## Task:
The material below holds pictures; leave them out and reproduce exactly the lines from the one with "Nissan Maxima Vehicle Main Gallery Image 15" through the one with "Used 2021 Bentley", inclusive.

## Given records:
________________________________________

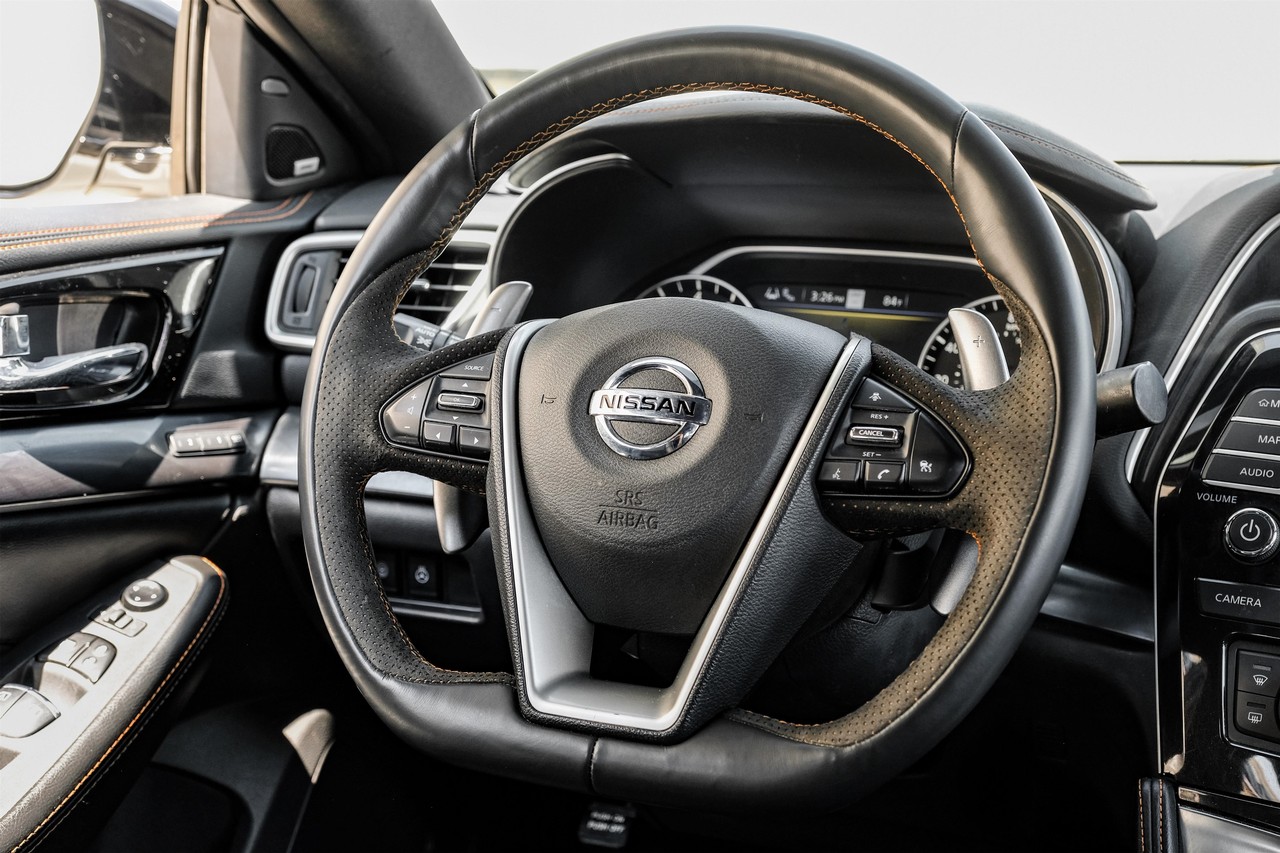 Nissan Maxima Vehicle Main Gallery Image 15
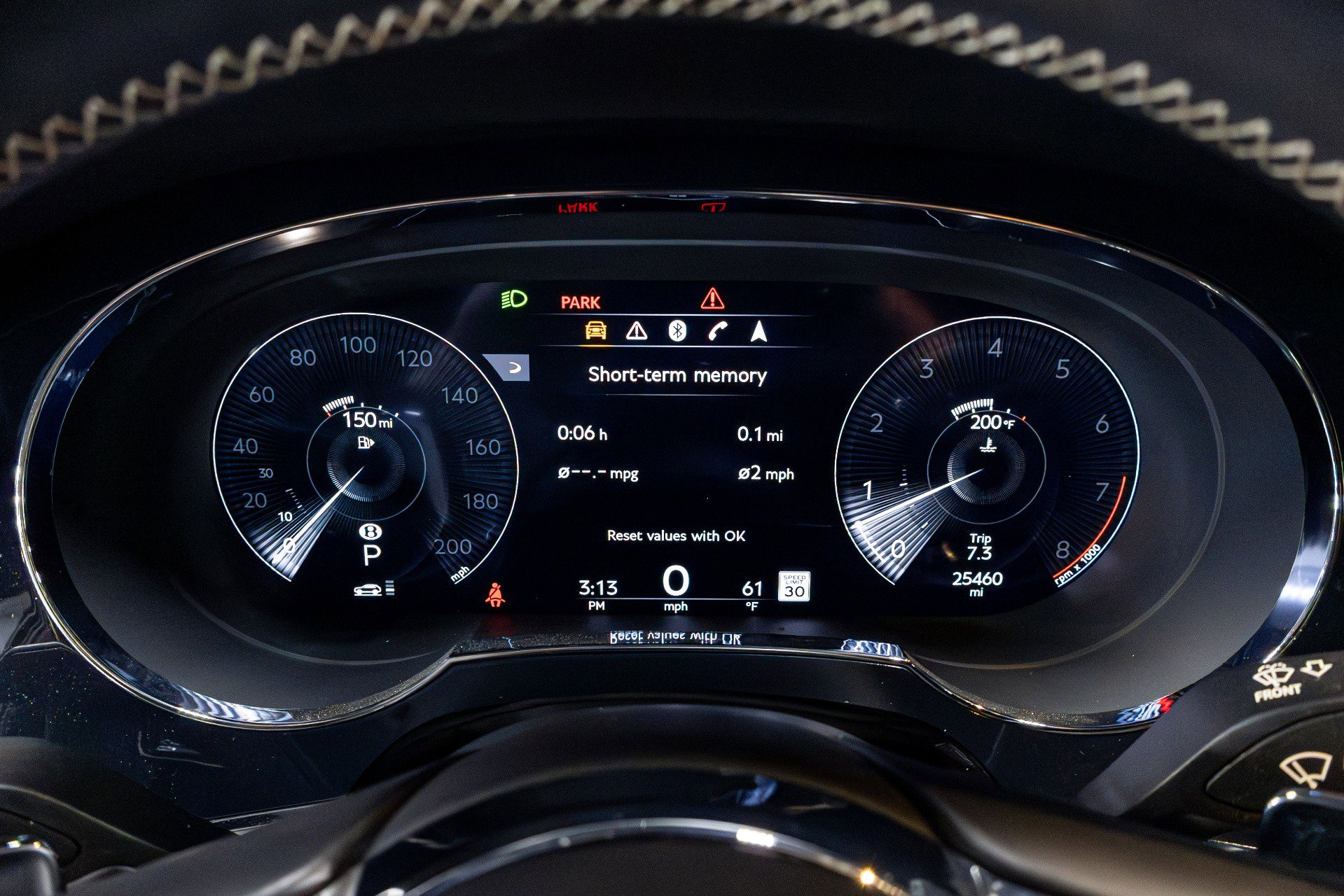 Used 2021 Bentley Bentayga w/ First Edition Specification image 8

________________________________________

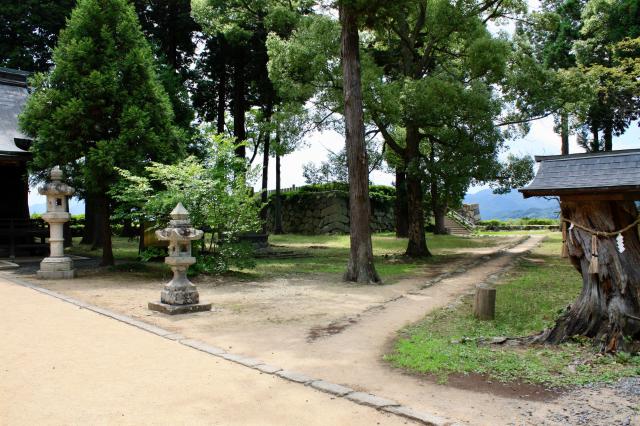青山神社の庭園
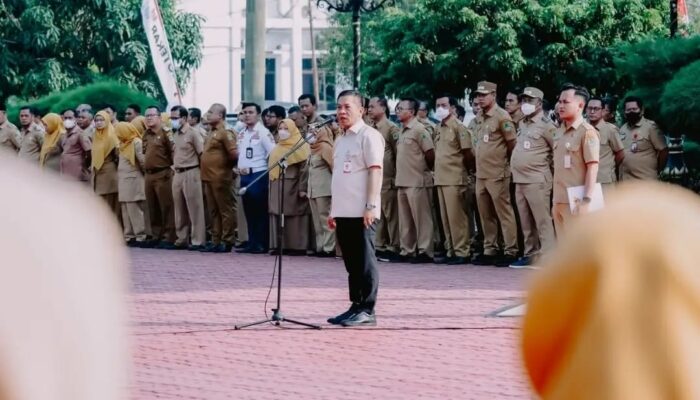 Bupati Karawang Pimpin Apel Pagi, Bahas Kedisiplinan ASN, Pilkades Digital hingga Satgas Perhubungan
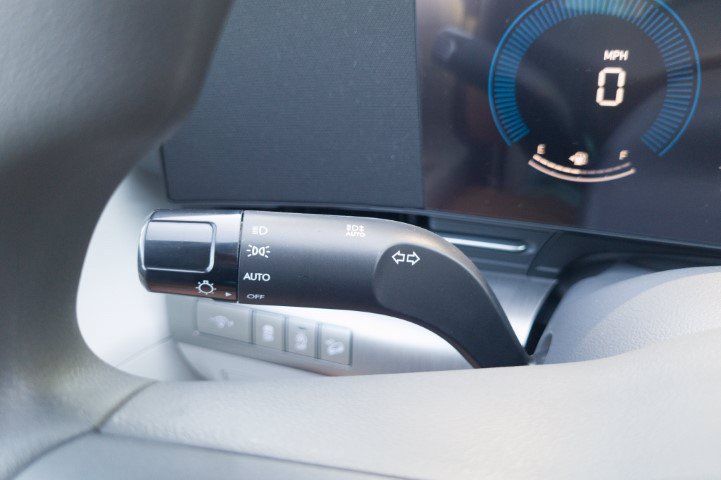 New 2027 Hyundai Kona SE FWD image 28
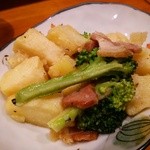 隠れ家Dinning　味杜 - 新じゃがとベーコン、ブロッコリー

________________________________________

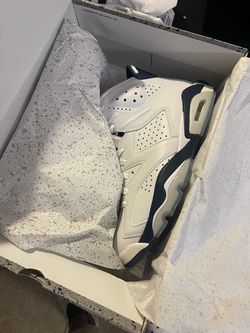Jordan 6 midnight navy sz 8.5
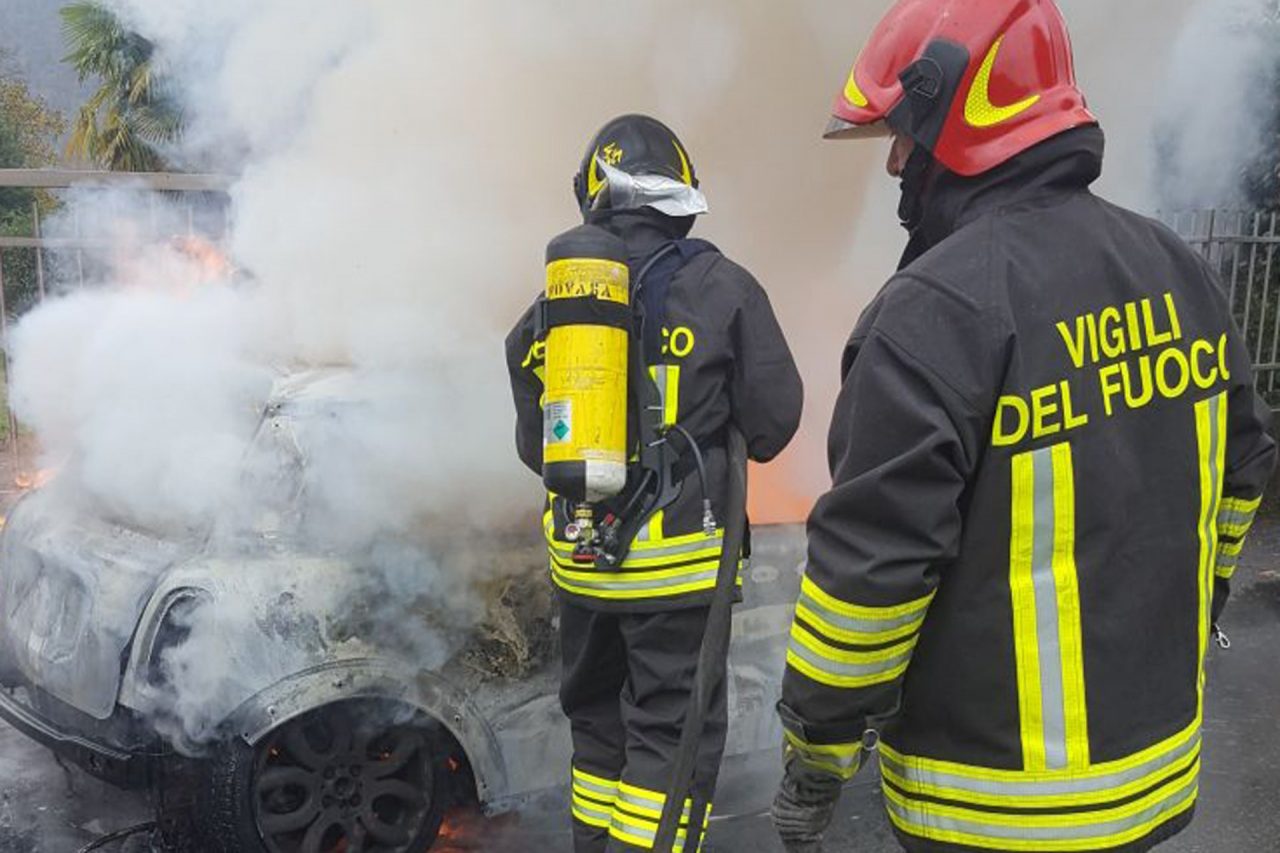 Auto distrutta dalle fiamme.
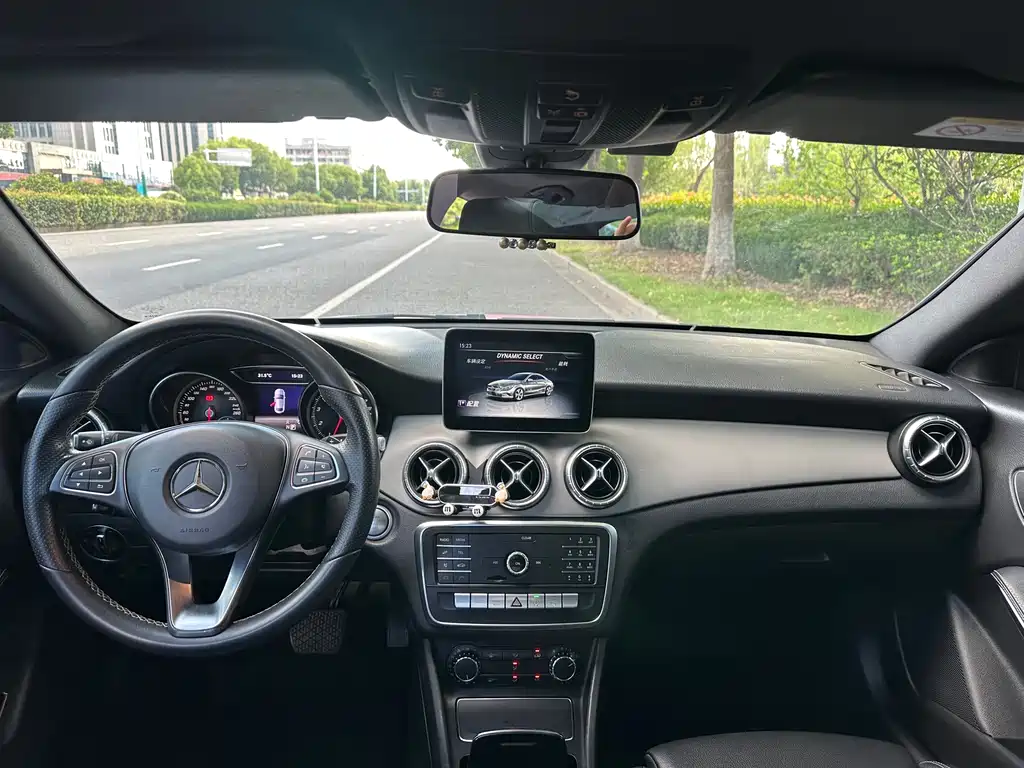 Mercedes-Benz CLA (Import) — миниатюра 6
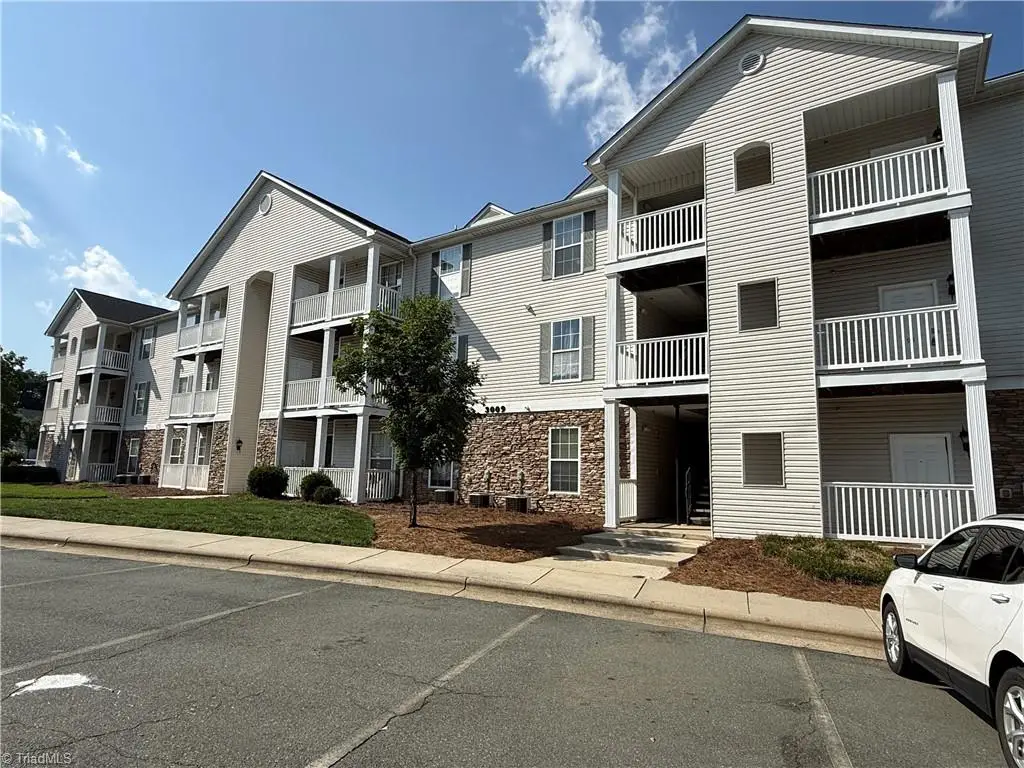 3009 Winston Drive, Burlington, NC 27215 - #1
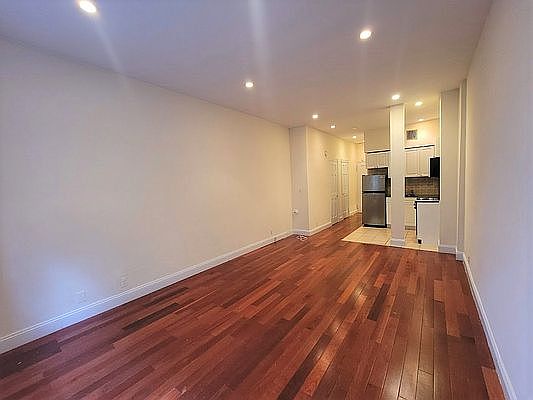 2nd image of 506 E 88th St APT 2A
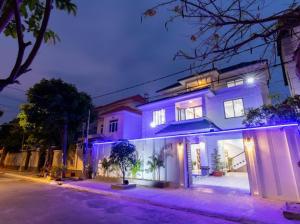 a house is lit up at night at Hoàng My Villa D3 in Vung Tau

________________________________________

## Result for this exercise:
 Nissan Maxima Vehicle Main Gallery Image 15
 Used 2021 Bentley Bentayga w/ First Edition Specification image 8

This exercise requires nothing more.